> Your task:
Send back the entries below exactly as they appear.

[Stored items]
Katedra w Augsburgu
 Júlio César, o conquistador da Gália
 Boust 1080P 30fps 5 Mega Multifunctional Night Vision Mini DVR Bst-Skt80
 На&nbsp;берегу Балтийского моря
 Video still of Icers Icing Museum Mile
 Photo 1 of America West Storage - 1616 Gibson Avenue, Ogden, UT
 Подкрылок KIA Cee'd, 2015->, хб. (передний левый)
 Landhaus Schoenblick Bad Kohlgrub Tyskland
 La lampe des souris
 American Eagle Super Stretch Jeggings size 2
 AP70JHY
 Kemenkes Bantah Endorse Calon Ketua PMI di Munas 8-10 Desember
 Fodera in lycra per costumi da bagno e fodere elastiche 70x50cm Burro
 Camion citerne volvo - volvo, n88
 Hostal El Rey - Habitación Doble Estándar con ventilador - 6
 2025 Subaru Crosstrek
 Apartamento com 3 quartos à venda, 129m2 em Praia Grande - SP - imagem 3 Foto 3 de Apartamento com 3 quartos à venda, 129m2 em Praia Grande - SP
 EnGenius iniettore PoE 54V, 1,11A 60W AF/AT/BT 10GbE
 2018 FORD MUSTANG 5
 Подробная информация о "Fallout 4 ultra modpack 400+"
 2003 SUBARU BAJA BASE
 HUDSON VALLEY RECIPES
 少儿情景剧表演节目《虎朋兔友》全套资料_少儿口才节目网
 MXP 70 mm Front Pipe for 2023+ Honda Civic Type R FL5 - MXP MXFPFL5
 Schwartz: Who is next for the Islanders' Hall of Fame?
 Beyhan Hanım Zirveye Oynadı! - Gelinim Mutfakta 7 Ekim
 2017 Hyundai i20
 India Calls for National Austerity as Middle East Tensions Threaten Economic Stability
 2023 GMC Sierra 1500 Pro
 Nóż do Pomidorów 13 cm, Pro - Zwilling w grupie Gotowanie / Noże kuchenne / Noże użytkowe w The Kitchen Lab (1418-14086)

> Answer section:
Katedra w Augsburgu
 Júlio César, o conquistador da Gália
 Boust 1080P 30fps 5 Mega Multifunctional Night Vision Mini DVR Bst-Skt80
 На&nbsp;берегу Балтийского моря
 Video still of Icers Icing Museum Mile
 Photo 1 of America West Storage - 1616 Gibson Avenue, Ogden, UT
 Подкрылок KIA Cee'd, 2015->, хб. (передний левый)
 Landhaus Schoenblick Bad Kohlgrub Tyskland
 La lampe des souris
 American Eagle Super Stretch Jeggings size 2
 AP70JHY
 Kemenkes Bantah Endorse Calon Ketua PMI di Munas 8-10 Desember
 Fodera in lycra per costumi da bagno e fodere elastiche 70x50cm Burro
 Camion citerne volvo - volvo, n88
 Hostal El Rey - Habitación Doble Estándar con ventilador - 6
 2025 Subaru Crosstrek
 Apartamento com 3 quartos à venda, 129m2 em Praia Grande - SP - imagem 3 Foto 3 de Apartamento com 3 quartos à venda, 129m2 em Praia Grande - SP
 EnGenius iniettore PoE 54V, 1,11A 60W AF/AT/BT 10GbE
 2018 FORD MUSTANG 5
 Подробная информация о "Fallout 4 ultra modpack 400+"
 2003 SUBARU BAJA BASE
 HUDSON VALLEY RECIPES
 少儿情景剧表演节目《虎朋兔友》全套资料_少儿口才节目网
 MXP 70 mm Front Pipe for 2023+ Honda Civic Type R FL5 - MXP MXFPFL5
 Schwartz: Who is next for the Islanders' Hall of Fame?
 Beyhan Hanım Zirveye Oynadı! - Gelinim Mutfakta 7 Ekim
 2017 Hyundai i20
 India Calls for National Austerity as Middle East Tensions Threaten Economic Stability
 2023 GMC Sierra 1500 Pro
 Nóż do Pomidorów 13 cm, Pro - Zwilling w grupie Gotowanie / Noże kuchenne / Noże użytkowe w The Kitchen Lab (1418-14086)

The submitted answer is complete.